The Ram Air IV was conservatively rated at 345 HP and 430 lb-ft of torque, but lighting one up could take the Trans Am to 14-second quarter mile times at over 100 MPH on contemporary bias-ply tires – no small feat. At $558.20, the Ram Air IV found its way into only 55 1969 Trans Ams. Only nine coupes were produced with the optional 3-speed automatic transmission; of those, two were actually produced with column-mounted shifters, a counter-intuitive measure if ever there was one. One of those is offered here, ordered through the Central Office Company Car program and placed into use on June 23, 1969 through Dealer Number 35-997, denoting its status as a Pontiac Motor Division Factory Company Car.
Although its specific use - magazine tests, demonstrator, or other - is unknown, it remained in service until its delivery to Michael Pontiac in Oakmont, Pennsylvania in March 1970 when it was sold into private ownership. In the early 1990s Robert O’Neill of San Bruno, California began a comprehensive restoration on the car. He also contacted General Motors Assistant Zone Service Manager Fred Simmons, who sent O’Neill a letter confirming the Trans Am’s original use as a Central Office Company Car, confirming its activation date and the dealer number. That letter became part of the car’s documentation.
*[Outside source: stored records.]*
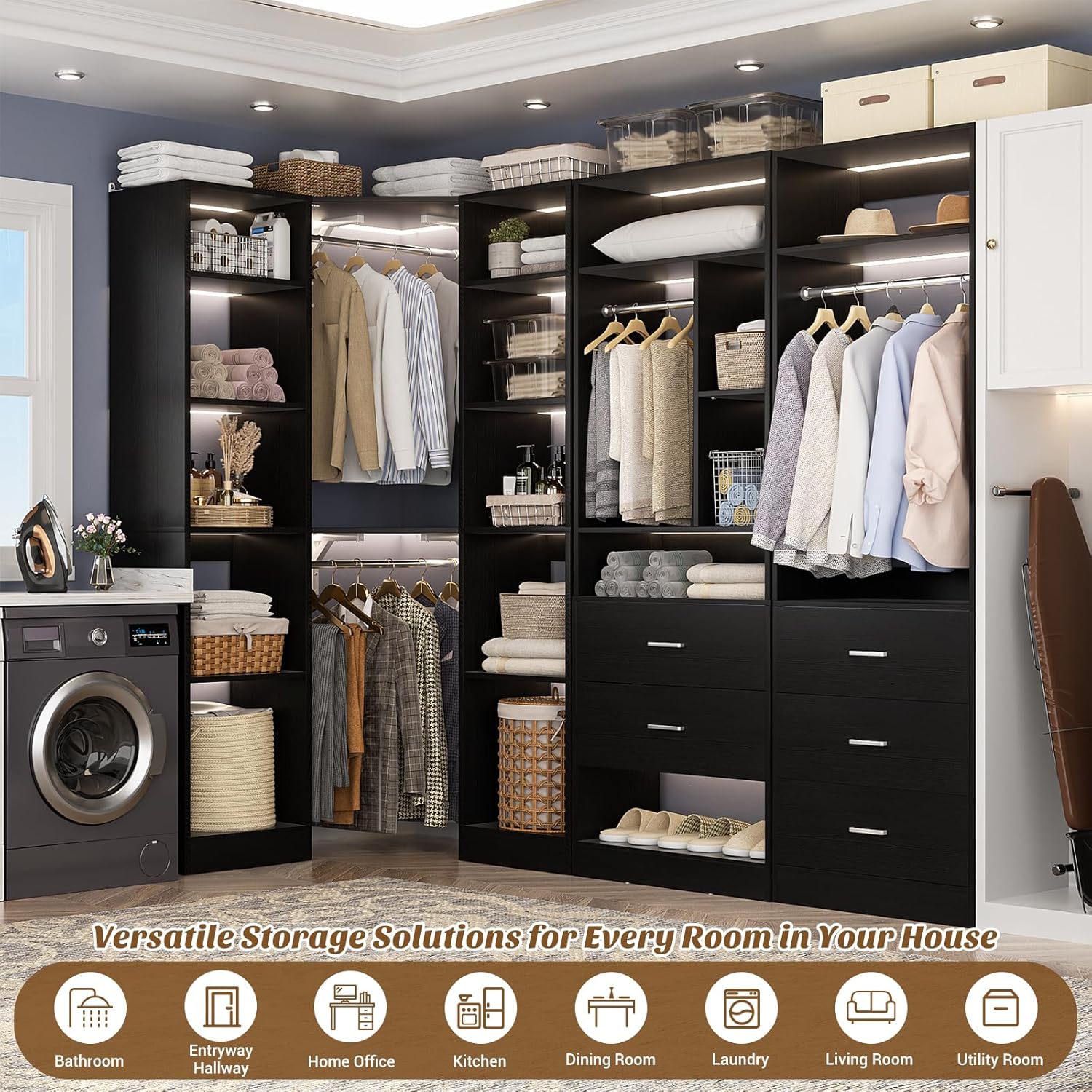 Corner Closet System with 5 Drawers, Closet Organizer System with 15+Shelvess & 4 Hanging Rods, 63.2"L * 63.2"W / 87.2"L * 39.2"W Reversible L Shaped Walk-in Closets, Load 2500+LBS, Black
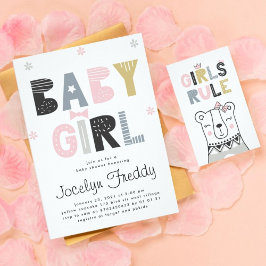 Baby meisje | Baby shower "Girls Rule" Neutrale kl Kaart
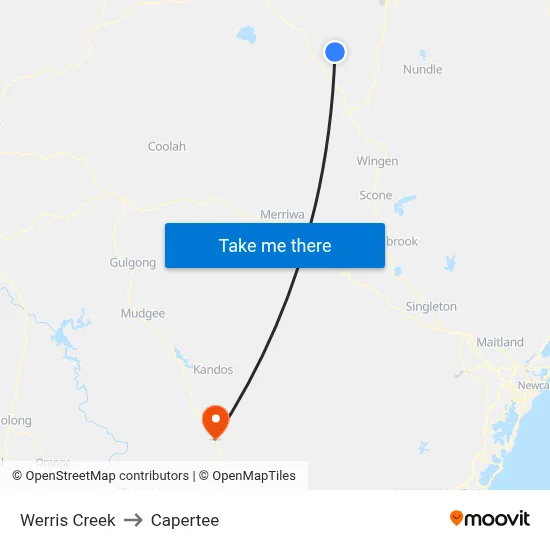 Werris Creek to Capertee map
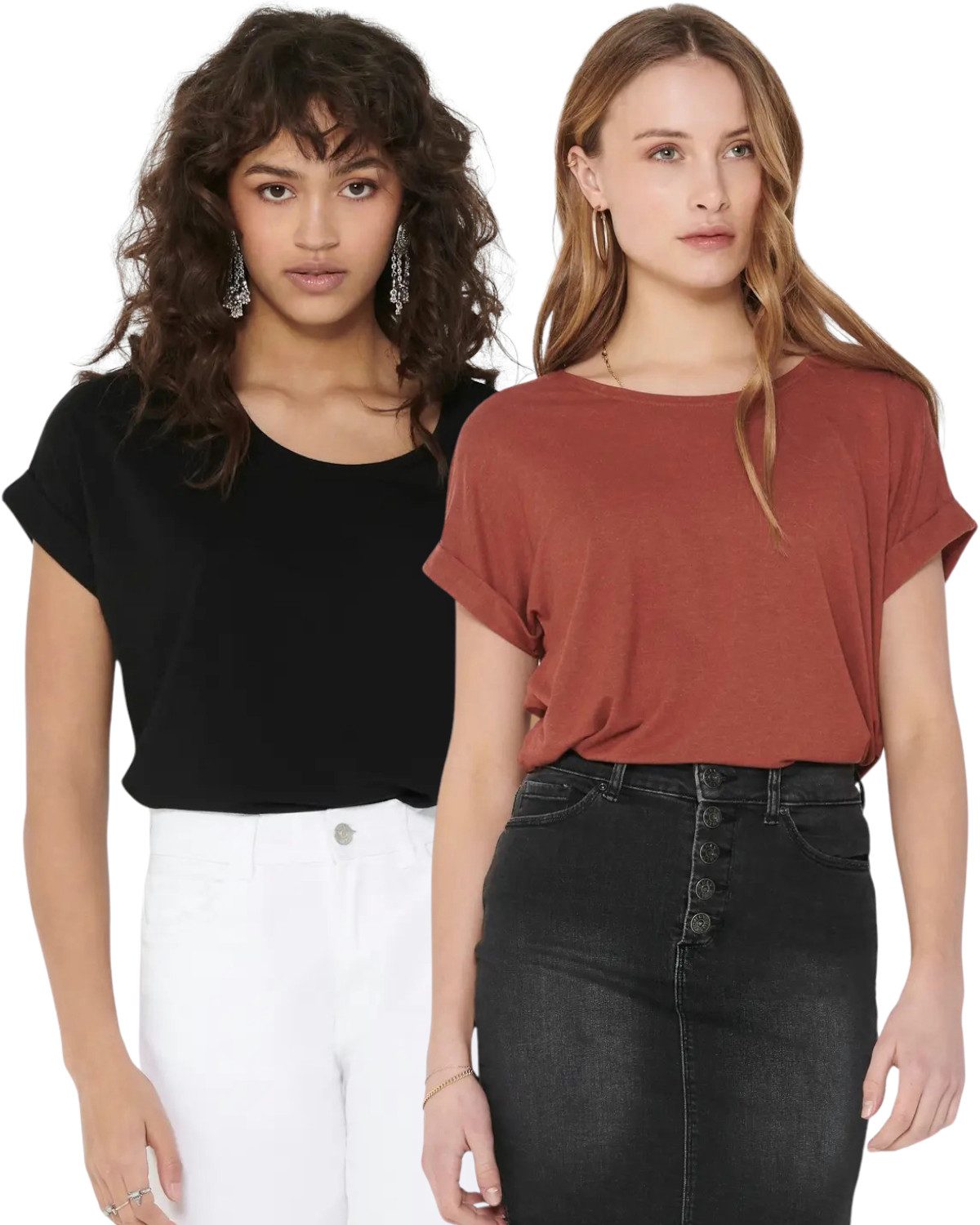 ONLY T-Shirt Stilvolles Basic Shirt mit günstig online kaufen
O’Neill completed the car as it left the factory in Cameo White with Blue stripes and a Blue Custom Trim bucket seat interior with console delete. It was professionally freshened as needed in 2010 by Level One Restorations of Arvada, Colorado. Presented as original with power front disc brakes power steering with external cooler and push button radio, the car’s Ram Air IV engine is sealed to the steel-braced fiberglass Ram Air hood, and the full width rear spoiler, front fender vents and Rally II wheels with Goodyear Polyglas tires are present and accounted for.
The only departure from original was the padded Formula-style steering wheel, which was replaced with the correct wood grain unit just after these photos were taken for publication. As GM’s Fred Simmons was quick to point out to restorer O’Neill, this 1969 Pontiac Firebird Trans Am Ram Air IV is a rare and desirable car, one made all the more interesting by its unique origin and drivetrain, the rarest combination available in 1969.